Faced with this situation Mr. Reddy submitted that the Respondents had not fully accepted the Government Policy and had by their Resolution dated 11th October, 1996 only granted exemption to high tension connections. He submitted that this is made clear by the fact that in the Resolution the words used are "minimum base charge" and "for connected load upto 500 KVA". Mr. Reddy relied upon Section 78A of the Electricity Supply Act, 1948 and submitted that Government directions were not necessarily binding on the Respondents. He submitted that the Respondents could dispute the direction issued by the Government. He relied upon the case of Ester Industries Ltd. v. U.P. State Electricity Board reported in (1996) 11 SCC 199, wherein it is held that the State Government's policy direction for grant of developmental rebate at a specified rate to newly set up industries was not binding on the State Electricity Board and that the High Court could not in exercise of powers under Article 226 direct the Board to implement such direction. He submitted that in this case the Respondents had chosen not to fully accept the policy direction of the State Government and had accepted it only in respect of high tension connections. He submitted that the High Court was right in refusing to grant any relief to the Appellants.
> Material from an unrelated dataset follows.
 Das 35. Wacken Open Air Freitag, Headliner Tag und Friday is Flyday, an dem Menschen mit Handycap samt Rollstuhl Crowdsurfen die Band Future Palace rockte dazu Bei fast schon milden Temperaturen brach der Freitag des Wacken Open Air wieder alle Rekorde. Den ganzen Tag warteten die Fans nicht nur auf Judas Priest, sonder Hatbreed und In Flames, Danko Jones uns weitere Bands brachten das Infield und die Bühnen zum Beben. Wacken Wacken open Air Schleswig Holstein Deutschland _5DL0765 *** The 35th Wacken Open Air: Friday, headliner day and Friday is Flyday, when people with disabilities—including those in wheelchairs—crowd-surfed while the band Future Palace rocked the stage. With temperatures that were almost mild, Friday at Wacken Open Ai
We see no substance in this submission. The Board is accepting the Government's directions given to it under Section 78A of the Electricity Supply Act. In its Resolution it is granting exemption from payment of minimum guarantee (minimum base charge). The Respondents are well aware of the difference between low tension connections and high tension connections. If, as is claimed, the term "minimum guarantee charge" is not used for high tension connections, then they would not have used that term at all in the Resolution if they wanted to restrict the exemption to high tension connections. Advisedly they have used both the terms "Minimum Guarantee" and "Minimum Base Charge".

This itself shows that the exemption applied to both types of connections. Respondents have not stated that such exemption would not be granted to low tension connections.
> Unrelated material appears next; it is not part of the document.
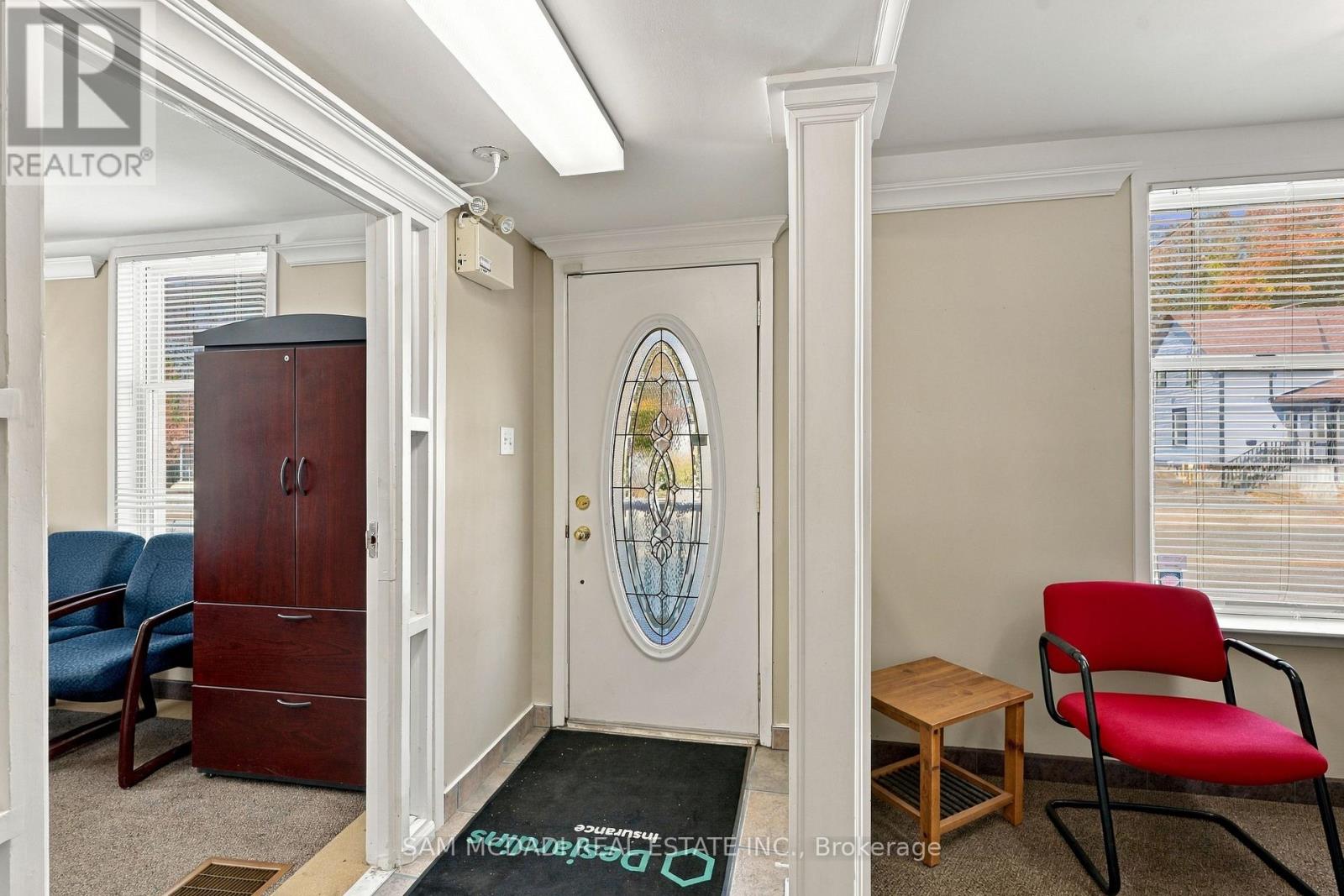 571 Kingston Road W Property Photo 26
In our view, the Respondents having adopted the direction of the Government are bound to comply with those directions.

So long as the other conditions of the Police decision are complied with the exemption has to be for both high tension connections as well as low tension connections.
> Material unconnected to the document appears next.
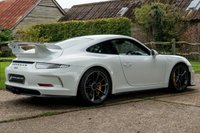 USED 2014 63 PORSCHE 911 3.8 GT3 PDK 2d 475 BHP AMAZING SPEC - CLUBSPORT PACK, CERAMIC BRAKES (PCCB), SPORTS CHRONO PLUS, PASM, PCM NAVIGATION, PTV WITH DIFF LOCK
In this view of the matter, we set aside the Orders of the High Court and allow the Appeals on this point. It is not disputed that Appellants are otherwise entitled to exemption. Thus Respondents must now repay to the Appellants amounts received as Minimum Guarantee Charges, which are in excess of payments due for actual consumption.

Such refund to be made within six weeks from today. In the circumstances of the case, there will be no Order as to costs.